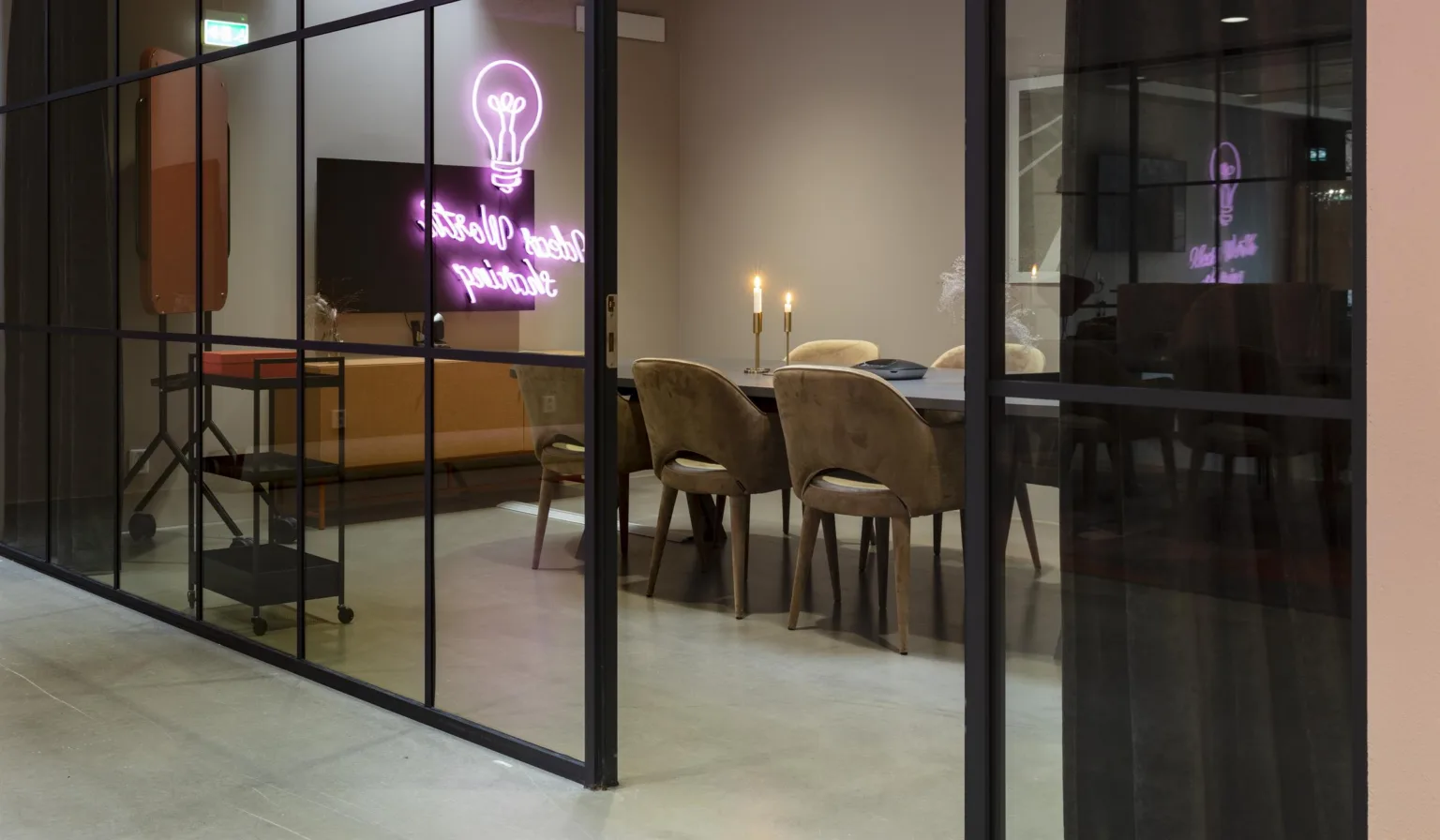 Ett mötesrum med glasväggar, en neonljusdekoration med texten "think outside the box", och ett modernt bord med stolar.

──────

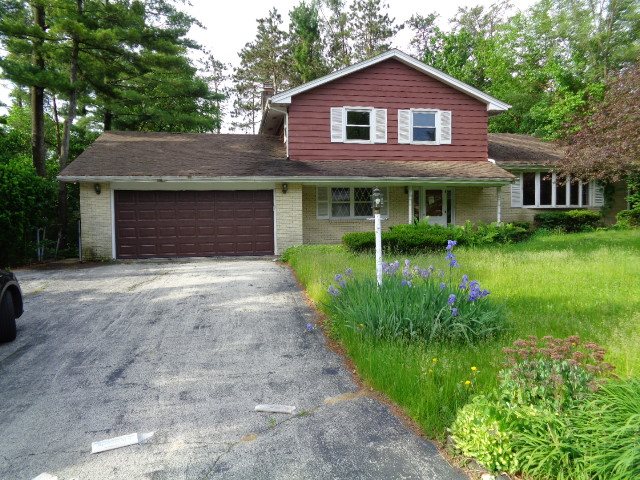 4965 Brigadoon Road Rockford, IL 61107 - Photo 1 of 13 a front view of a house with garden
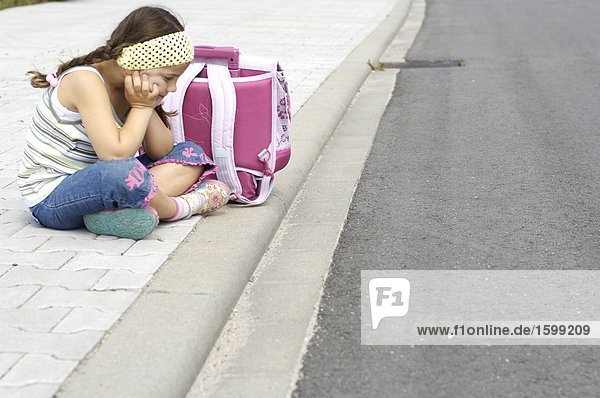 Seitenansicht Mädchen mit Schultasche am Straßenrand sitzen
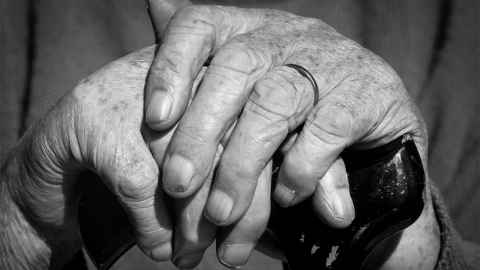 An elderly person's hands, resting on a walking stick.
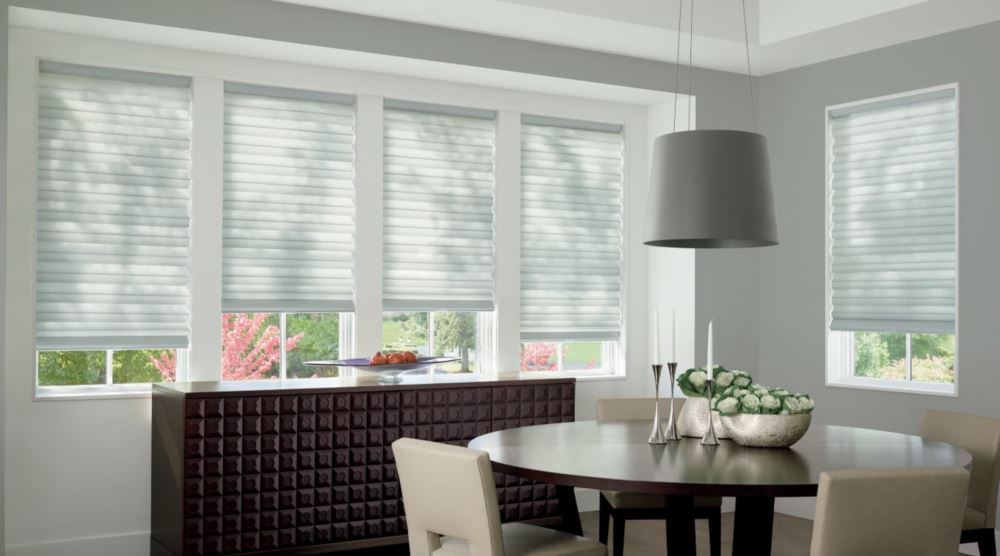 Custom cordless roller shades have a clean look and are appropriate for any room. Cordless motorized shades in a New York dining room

──────

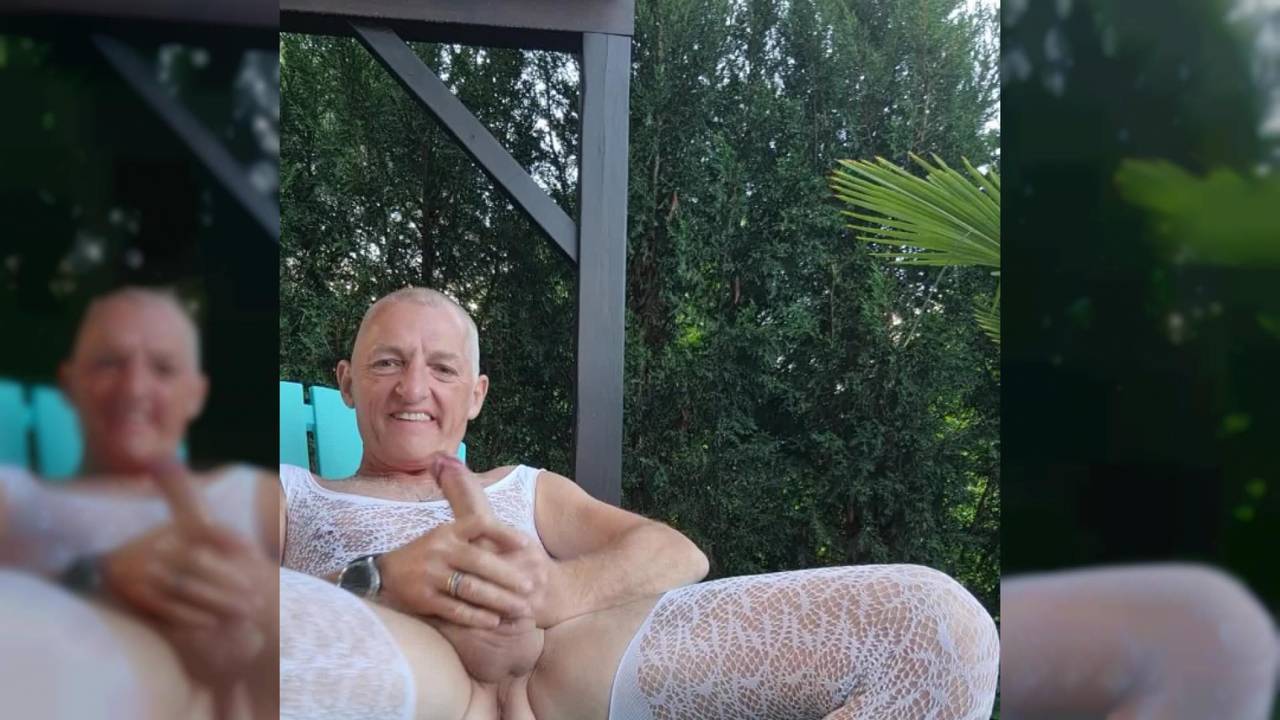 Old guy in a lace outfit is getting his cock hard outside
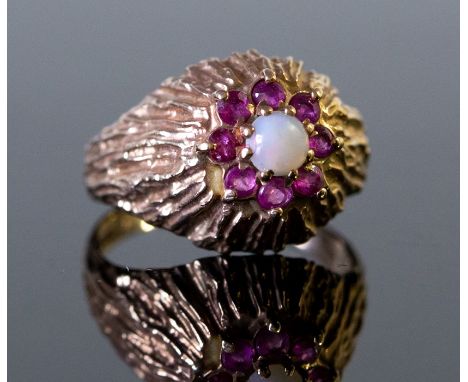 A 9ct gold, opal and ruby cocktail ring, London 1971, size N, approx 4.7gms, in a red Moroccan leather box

──────

> **About this task**: Go to the line above holding "Old guy in a", then copy exactly each line down to and including the one holding "A 9ct gold, opal", leaving pictures out.

> **Task output**:
 Old guy in a lace outfit is getting his cock hard outside
 A 9ct gold, opal and ruby cocktail ring, London 1971, size N, approx 4.7gms, in a red Moroccan leather box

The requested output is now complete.